You can contribute to a 529 account over time, much like a 401(k), or you can front-load one. However, contributions may be subject to the gift taxes (see more below). As an alternative, grandparents can contribute to a 529 account owned by a parent.
Regardless of whose account you contribute to, one set up by you or a parent, contributions are considered gifts. That means taxes may apply if you contribute more than the annual gift-tax exclusion ($15,000 in 2019 per donor per beneficiary).
However, the IRS gives you some wiggle room. It will treat larger contributions, up to $75,000 ($150,000 for couples), as if they were being made over a five-year period. Therefore, you can front-load a 529 account without incurring any gift taxes, as long as no other annual exclusion gifts are made to that individual during the five-year period. For example, you could contribute $50,000, which would be reported as five $10,000 annual gifts. This is a potential way for grandparents to reduce their taxable estate.
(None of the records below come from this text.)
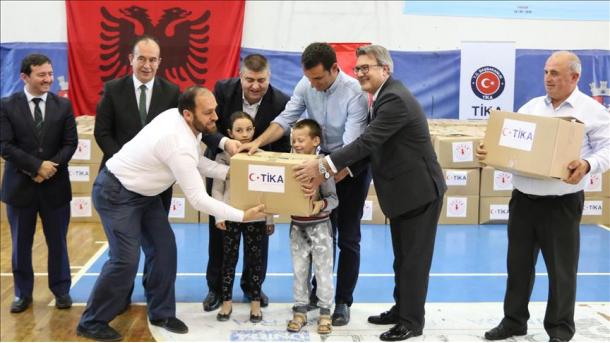 Shqipëri - Agjencia turke shpërndau ndihma për familjet në nevojë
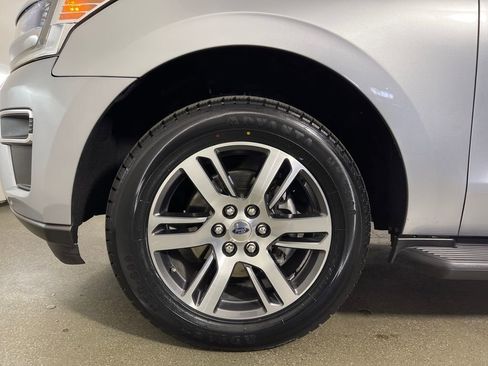 Used 2024 Ford Expedition Max Limited image 11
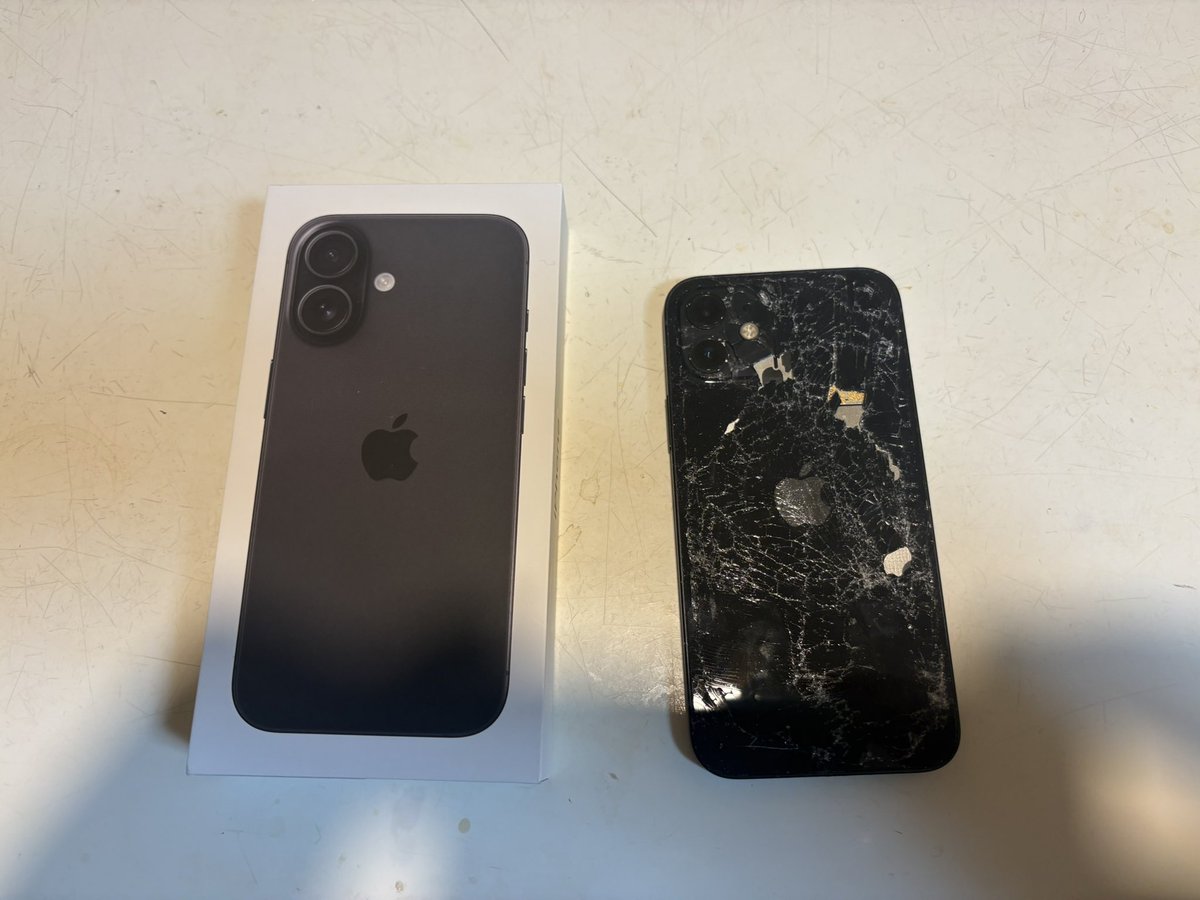 Ima_S20's tweet image. 通話も出来なくなってたiPhone12からようやく新しくiPhone16に乗り換える事ができた⤴️
大切に使おう🎵
#i̇phone16  #iPhone12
But should a grandparent pass away during those five years, a portion of the contribution will be included in the donor’s taxable estate.
The various tax implications are another reason why it is beneficial to work a financial adviser when opening a 529 account to help you avoid any pitfalls.
Your 529 plan can affect financial aid
One important thing to be aware of as a grandparent is the impact a 529 account can have on your grandchild’s financial aid eligibility.
The U.S. Department of Education factors in a student’s income and family contributions when determining his or her financial aid eligibility. When a parent owns a 529 account, up to 5.64% of its value counts toward the student’s Expected Family Contribution when filling out the Free Application for Federal Student Aid (FAFSA).
A 529 account owned by a grandparent isn’t reported on the FAFSA form. However, when money is provided from a 529 account by a grandparent, even for qualified expenses, it is reportable as the grandchild’s own income, which will reduce the following year’s financial aid award.
Since a grandparent-owned account doesn’t count toward financial aid until funds are distributed, it may be best to wait to use it until your grandchild’s final year or so of school. If he or she has very little other income, then the funds will only minimally affect financial aid.
Withdrawals are only for qualified higher education expenses
What counts as qualified higher education expenses goes beyond tuition. It includes any mandatory fees, room and board (on and off campus), textbooks, computers and more. You can check with your grandchild’s financial aid office to find out what specifically qualifies.
Although the funds in a 529 account are meant for your grandchild, you retain control over them. You can withdraw money from the account at any time. But doing so could hurt. Any withdrawn earnings on your investments used for nonqualified expenses are subject to a 10% tax penalty on top of ordinary income taxes. You won’t owe income taxes on withdrawals of your contributions, but the IRS may require you to pay back any previously claimed tax deductions.
A common exception is if your grandchild receives a scholarship. You can withdraw funds equal to the scholarship amount awarded for a nonqualified expense and avoid the 10% penalty. The earnings portion of the withdrawal, however, are still also subject to ordinary income taxes.
If your grandchild receives a full-ride scholarship or decides to take a different path, you can still preserve your savings. They can be used for graduate school, or you may change the beneficiary to anyone in your grandchild’s immediate family.
If you find yourself thinking about taking money from your grandchild’s 529 plan, then it’s probably a good time to sit down with a financial adviser who can work with you to come up an alternative financial solution for your needs. Should your financial goals change, he or she can help you appropriately allocate your money to sidestep any unnecessary taxes.
The bottom line
Even with all the 529 plan rules for grandparents, it remains a primary savings vehicle for a grandchild’s education. But families should work together with the guidance of a financial professional. This will help ensure the right plan is in place and the student gets the most out of it.